Shortly after arriving at Starnberg, Zimmermann accepted an invitation from William Bolts, made through George Dixon, to join the proposed voyage of the Imperial ship Cobenzell, and obtained leave from the Prince Elector to do so. The voyage of the Cobenzell was to have been an Austrian answer to James Cook’s voyages, an Imperial voyage of discovery round the world which included a venture to exploit the commercial possibilities of the fur trade on the northwest coast of America and trade with China and Japan. Zimmermann was joined in Trieste by three of his former shipmates under Cook, George Dixon, George Gilpin and William Walker, all four to sail as officers on the Cobenzell. Three naturalists, Franz Josef Maerter, Karl Haidinger and Franz Boos, and a gardener, Franz Bredemeyer, were assigned to undertake the scientific tasks of the voyage. Zimmermann's participation in the forthcoming voyage was announced in the Augsburg newspaper, the Augsburgische Ordinari Postzeitung of 2 August 1782:
Munich, 30 July: Mr Zimmermann, of whom it is reported in the Brünner Zeitung under the heading Munich that he made the great voyage around the world with the celebrated Captain Cook and afterwards became Shipmaster in the service of the Elector on the Würmsee some hours distant from here, received some time since letters from the English Captain Digson [Dixon], in which he was invited with very flattering expressions to take part in the forthcoming voyage from Trieste to the East Indies, with a monthly salary of 6 pounds Sterling, for a period of five years, with the assurance that when he completed the voyage he could take part in a second one, in which his rank and character would be better. Mr Zimmermann’s heart was struck by this offer. In ardent enthusiasm he sought His Highness the Elector's gracious permission. Our gracious Prince, attentive above all to scientific talent and genius, acceded in this case to his plea, granting him for the expected five years only his existing yearly salary of 400 gulden and allowed him to be paid half of that to supply him with sufficient travelling money; with which he gave the gracious Father of the Country notice of his departure, having also had his position and salary confirmed. Completely infused with this favour, yesterday he eagerly went with the post to his present destiny.
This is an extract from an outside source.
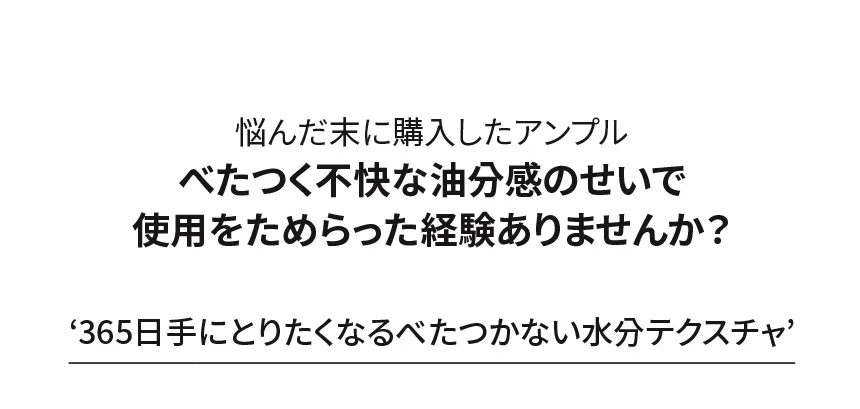 [ノアブ] エクトパンテノールスパアンプル | 詳細画像4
Although Emperor Joseph II was initially enthusiastic, the venture eventually proved impossible to realize. The opposition of Bolts's Belgian financial partners was a principal cause of its not going ahead, and the Emperor also refused to provide finance for it apart from the expenses of his naturalists: in the autumn of 1782 it was abandoned. Bolts sent the Cobenzell in September 1783 on a commercial voyage to the India by way of Marseilles, where she took in the principal part of her cargo, Madeira and the Cape of Good Hope. Zimmermann sailed on the ship as far as Marseilles, where he was employed by Bolts in the fitting out of the Ferdinand, a ship Bolts planned to send to the northwest coast of America under the flag of the Kingdom of Naples. Although King Ferdinand IV of Naples gave Bolts a charter for a Royal Indian Company of Naples (Regia Società del India di Napoli), the hopes for a voyage to the North West Coast under the Neapolitan flag in the Ferdinand came to nought.
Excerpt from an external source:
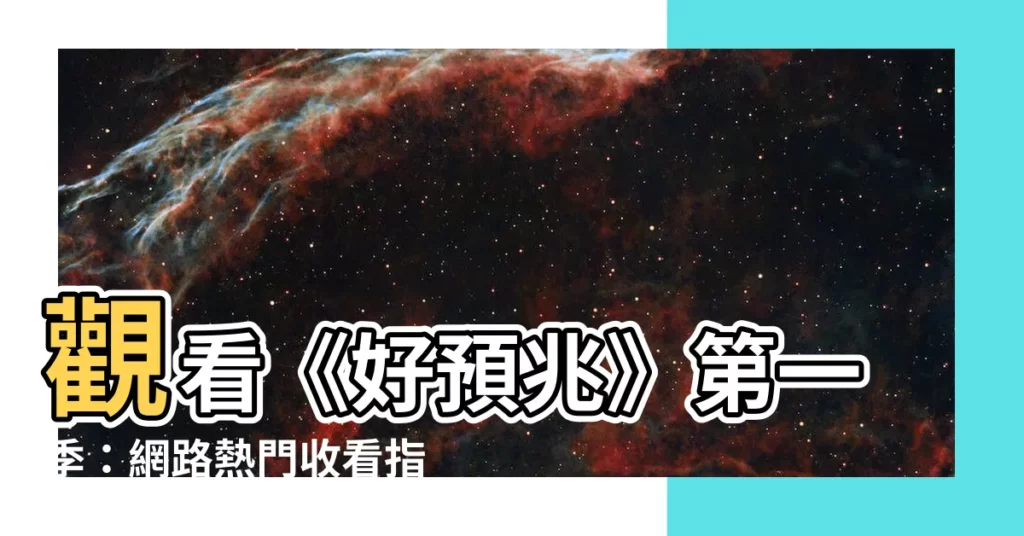 【網路上可觀看好預兆的地方】觀看《好預兆》第一季：網路熱門收看指南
In May 1787, Zimmermann found employment with the Brussels banker and merchant Edouard de Walckiers as ship’s master to take Walckiers’ ship the Concordia from Ostend to India in 1787.
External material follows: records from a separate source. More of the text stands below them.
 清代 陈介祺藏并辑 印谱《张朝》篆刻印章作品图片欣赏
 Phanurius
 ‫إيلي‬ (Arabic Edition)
Zimmermann was asked in 1789 to plan a Russian expedition to the Pacific. Although he submitted plans, Russia was then engaged in wars with the Ottoman Empire and with Sweden, and the expedition never eventuated. In 1791–1792 he again took a ship, the Edward, to India for Edouard de Walckiers. The advent of war with revolutionary France put an end to the trade with India from the Austrian Netherlands, and Zimmermann returned to Munich.

He retired to Starnberg in 1804 and died there on 3 May 1805.